Centering for interactions in multiple regression ??

#1
This is an e-mail about our discussion. Can someone please help us. I cannot understand any reason to center the variables other than "well it just should be that way" kinda thing. After my 2 questions you will read the latest email from my professor then my first email. I also forgot to mention we are predicting interactions.

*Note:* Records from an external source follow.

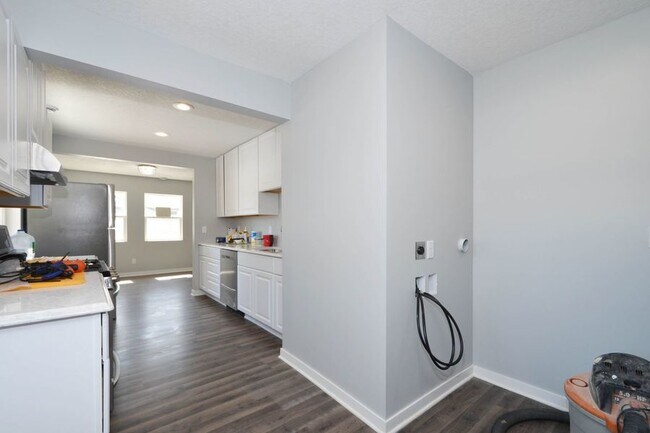 Foto del edificio - 681 Glencoe St NE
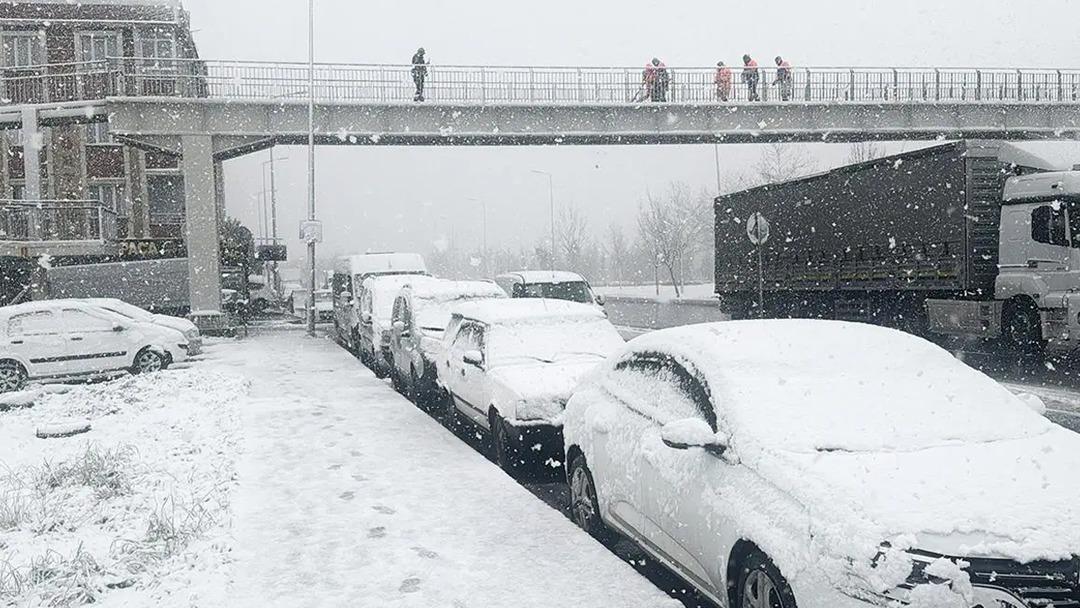 İstanbul için son dakika kar uyarısı! Şen: "İşi olmayan dışarı çıkmasın, sabaha kadar devam edecek" 1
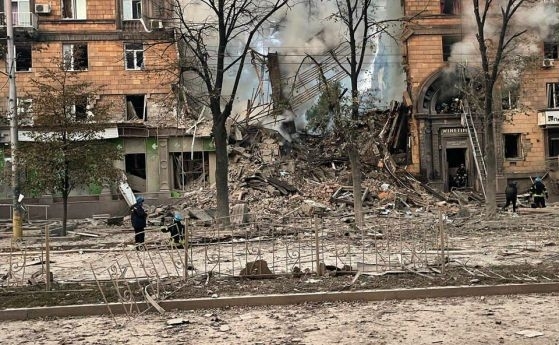 Най-малко 11 убити при обстрел на жилищни сгради в украинския град Запорожие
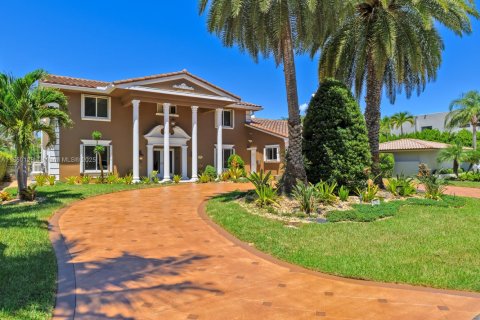 Casa en venta en Hallandale Beach, Florida, 5 dormitorios, 345.41 m2 № 1886641 - foto 6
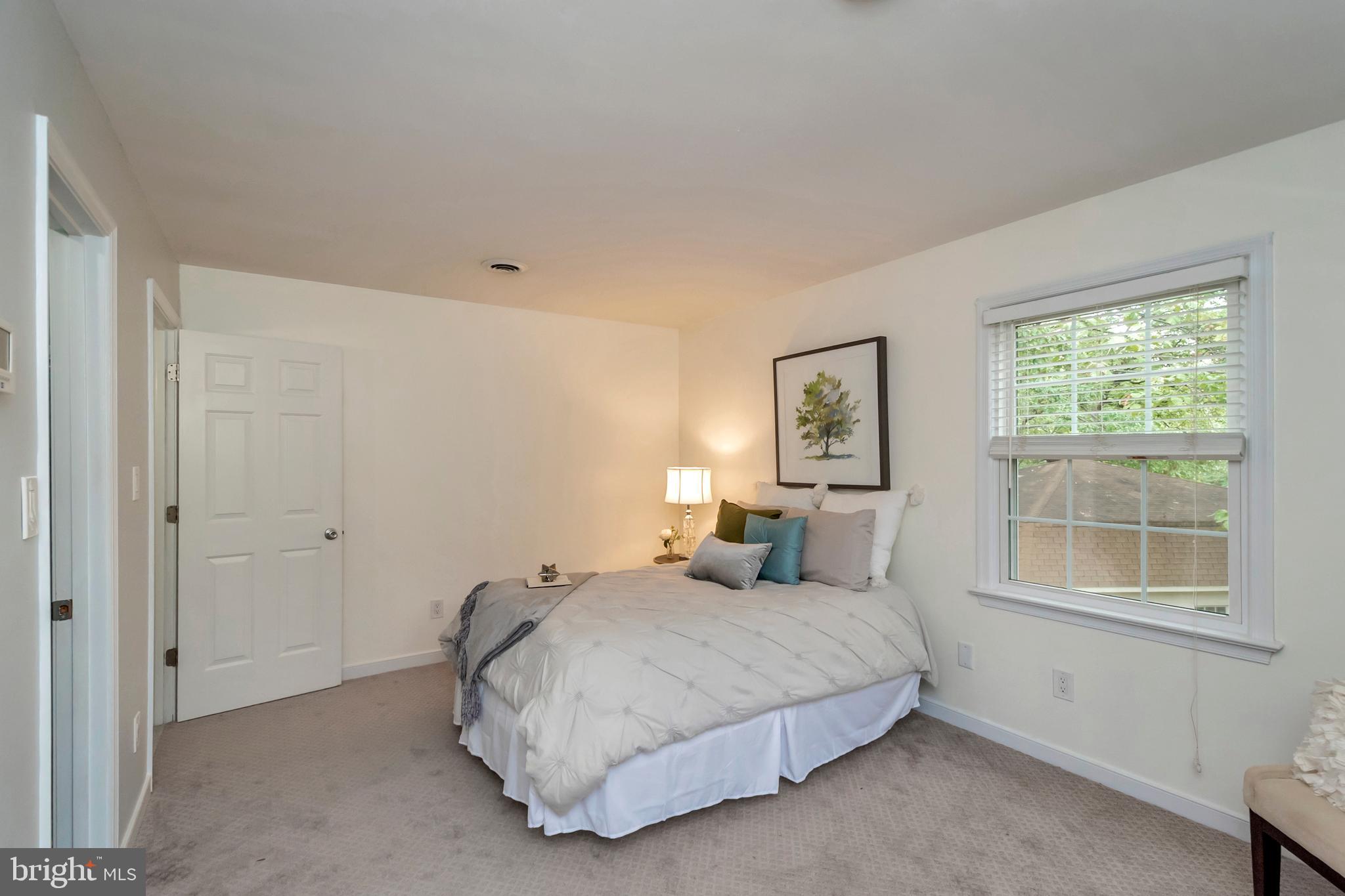 LEE'S HEADQUARTERS - Residential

So specifically my 2 questions are this:
1) When to center?...if you have a link that would be great. I have found several sources and I am getting conflicting info (do center...no need to center...or you must justify centering)
2) How do you plot interactions?


Here is the conversation between a professor and myself. I am making the argument against centering.

Professor,
I have looked into the question of whether or not to center. If I may,
I would like to explain why we should not concern ourselves with
centering the variables. These are not my concepts (a combination of
sources) and I am going at this as just cause to move forward rather
than backwards (you probably know this just cleaning up and proposing a
rationale).

First, the main reason for centering should be based on a theory
supported purpose. This became more evident as I read on. The idea of
centering is a correction for excessive multicollinearity. If variables
are thought to have substantial overlap then the resulting analysis
will not be sensitive to those individual variables' contributions in
the model. Thus by centering one can reduce (potentially) some
multicollinearity. However, I have 2 key observations to address any
concern of multicollinearity. The first, is that do we have any reason
to believe (in theory) that any of these variables are measures of the
same construct? I would say that attachment, ppn, relat. satis are not
the same but trust and attachment may be overlapping. Secondly, looking
purely at our output, all of our tolerance levels are well above the
cutoff level indicating high multicollinearity. What is the cutoff for
multicollinearity/tolerance? Well, I am glad you asked. I have found
researchers which use very liberal values of .10 and below and very
conservative values of .40. In terms of our tolerance values, all of
our tolerances are at least .90 + . I personally see no reason at all
to center our variables. It is not that I can't do it (it really would
be that much trouble) but I just don't find the need to do it. Also, I
took a look at the scatterplots and there appears to be great
heteroscedasticity.

Her response:
"I think the centering is particularly important when you include an
interaction term in the equation. This is not an issue of
multicollinearit, but an issue of standardizing your variables so you
can reasonably calculate a multiplicative function."

Am I right or am I wrong?
 
Last edited:
#3
I've heard both arguments, to avoid multicolinearity and to have a more interpretable beta in variables where the mean is more meaningful than zero. But I do not really understand how the latter works.
 
#4
Hi Danielkeeton,

Okay, here's the deal.

Your advisor is right.

Centering will only help multicollinearity if you are have an interaction with continuous IVs. The problem is that if you multiply two continuous variables that are both on a positive scale, the interaction will be highly correlated with the main effects, even if they are not correlated with each other. It's not the high correlation between predictors you have to worry about, it's the high correlation between the predictors and the interaction term.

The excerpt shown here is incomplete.